I am truly inspired. Also because the author started as a blogger and look how far she got!
Now I’ll tell you what I made, and then there’s a recipe.
I baked these tartlets:
and I baked brown butter pistachio and poppy seeds financiers and chocolate and hazelnuts financiers (The recipe for those are on her blog, click here)
and I stirred celeriac, white sweet potato, and apple soup (I found a similar recipe here) as well as the carrot and red lentil soup
and I roasted the lemon and honey-flavored chicken
My conclusion: I think this cookbook is a keeper. Here’s a link to Amazon to buy it.
I better get a second copy so the kids won’t have to fight over this one copy when it’s time to inherit my cookbooks collection. Don’t think they will share or take turns without a fight. Hmm.
Now let’s see which recipe/s Simone tried out and what she thinks of the cookbook.
Coriander-flavored carrot and zucchini tartlets
Makes six 4 1/2-inch tartlets
|For the dough I used my No-roll quiche crust. This time with 13 tablespoons of butter and 6 small tartlets pans instead of an 11-inch tart pan.|
For the filling, I used Beatrice’s recipe
Excerpted from LA TARTINE GOURMANDE by Béatrice Peltre, (c) 2012. Published by arrangement with Roost Books, an imprint of Shambhala Publications, Inc., Boston. www.RoostBooks.com (Instructions written in my own words).
3 large eggs, lightly beaten
2 tablespoons chopped cilantro
5 tablespoons crème fraiche or heavy cream
Sea salt and pepper
In a bowl, beat all those together.
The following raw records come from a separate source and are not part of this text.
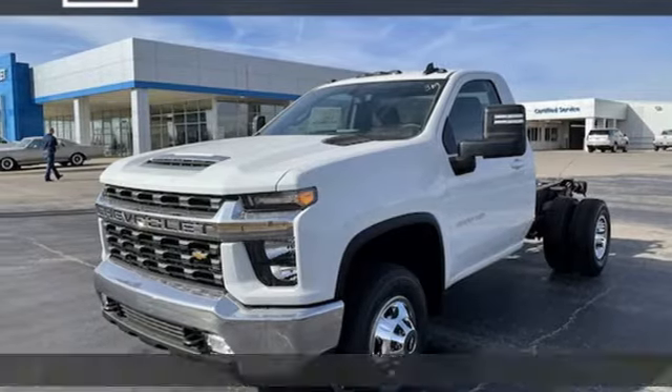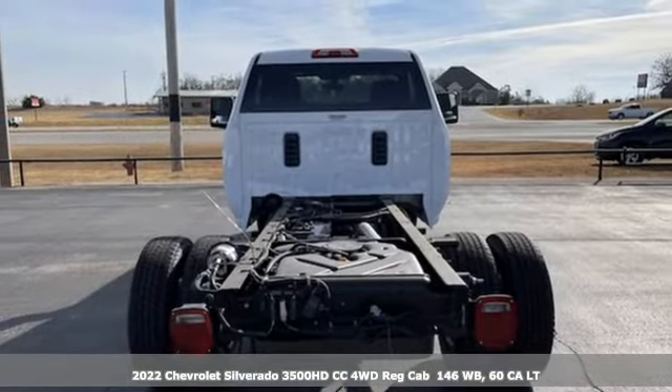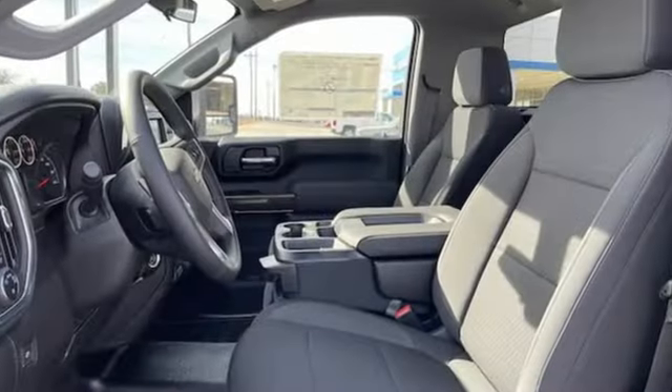It's a new 2022 Chevrolet Silverado 3500 HD CC. There's more than a century of ingenuity and significance in every Chevy. Plus, it offers an exciting list of features.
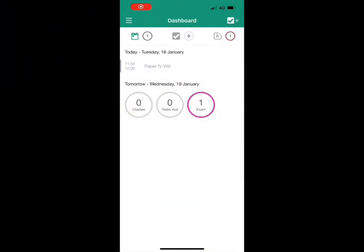When you open up My Study Life you will land on the dashboard. The dashboard lets you quickly see an overview of what's next — whether you need to know where your next class is, the assignments you need to complete soon, or if there are any upcoming exams. It's all on the dashboard.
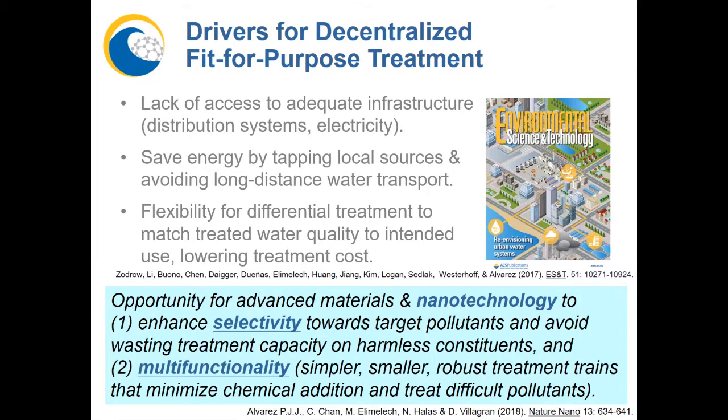This leads to smaller and more robust treatment systems, while minimizing chemical addition and waste streams. It also allows us to crack some hard nuts such as perfluorinated compounds and endocrine disruptors that are too difficult for current technologies to handle.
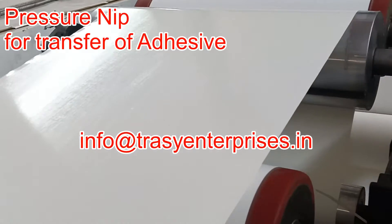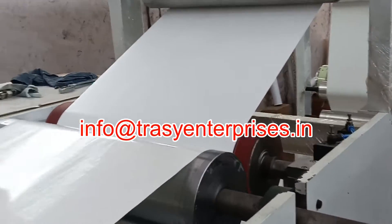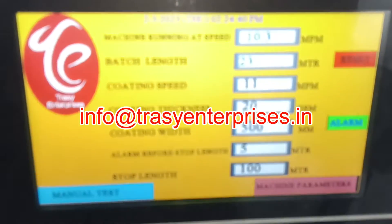The most common BOPP label is white, which is non-toxic, extremely durable, and moisture resistant. The hot melt PSA has a strong permanent bond that sticks well to many surfaces.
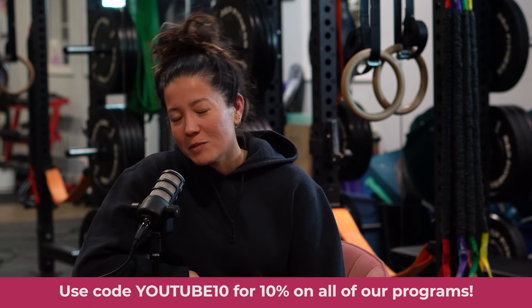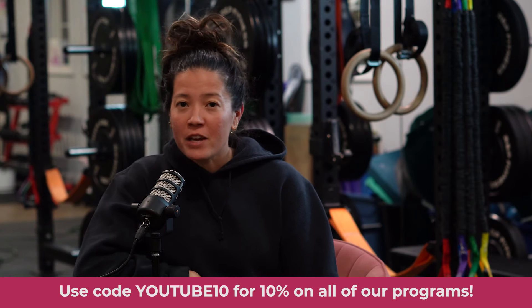Just for listening to this video all the way to the end, you can use code YouTube10 to get 10% off our online fitness programs, our online childbirth education course, and anything else we offer online. If you liked this video, be sure to subscribe to our channel so you get notified whenever we release new videos. If there's a specific topic you want to learn more about or if you have questions, drop them below in the comments.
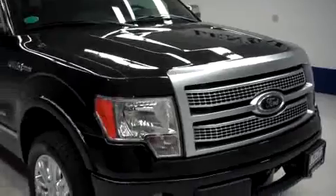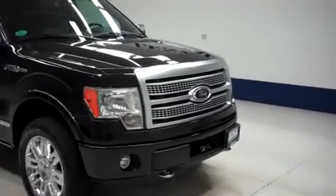To see more pictures of this Ford F-150, please visit LensAuto.com.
Set aside.
3 tablespoons olive oil, divided
2 thyme twigs
1 1/2 teaspoons ground coriander, divided
2 packed cups finely grated carrots
Sea salt and pepper
1 small yellow or green zucchini, finely grated
4 oz. (120 gram) manchego cheese, thinly sliced >> I used 6 thin slices
3 oz. (90 gram) soft fresh goat cheese, crumbled >> I used Brouson
Preheat the oven to 400 F degrees.
In a medium frying pan, heat 2 tablespoons oil over medium heat. Add the thyme and 1 teaspoon coriander, cook 1 minute. Add the carrots, some salt and pepper and cook 2-3 minutes until carrots are soft. Transfer to a bowl to cool, discard the thyme.
In the same pan, heat 1 tablespoon oil and 1/2 teaspoon coriander, cook 1 minutes. Add the zucchini, season with salt and pepper, cook 1-2 minutes until it softens. Remove to a bowl and let cool.
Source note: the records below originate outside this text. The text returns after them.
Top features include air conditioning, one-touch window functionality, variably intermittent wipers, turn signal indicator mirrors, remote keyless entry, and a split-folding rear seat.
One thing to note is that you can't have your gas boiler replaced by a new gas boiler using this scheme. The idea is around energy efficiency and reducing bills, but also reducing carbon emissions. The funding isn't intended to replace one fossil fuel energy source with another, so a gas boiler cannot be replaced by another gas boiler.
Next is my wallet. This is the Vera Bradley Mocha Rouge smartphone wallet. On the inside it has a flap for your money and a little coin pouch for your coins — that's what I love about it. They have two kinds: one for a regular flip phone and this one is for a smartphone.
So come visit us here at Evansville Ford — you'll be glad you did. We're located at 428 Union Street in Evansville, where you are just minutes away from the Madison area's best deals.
Divide the egg batter: Mix 3/4 with the carrots and 1/4 with the zucchini.
On the bottom of each tartlet pan (with the dough laid in it, of course!) place 1 slice of manchego cheese. Then, spoon the carrots around the edges, leaving room in the middle for the zucchini. Repeat with all 6 tartlet pans adding the zucchini after you’re done with the carrots. Top each tartlet with goat cheese crumbles.
Place the tartlets in a large baking sheet and bake for 25-30 minutes, until the top is golden. Remove from the oven and let cool 5 minutes before serving.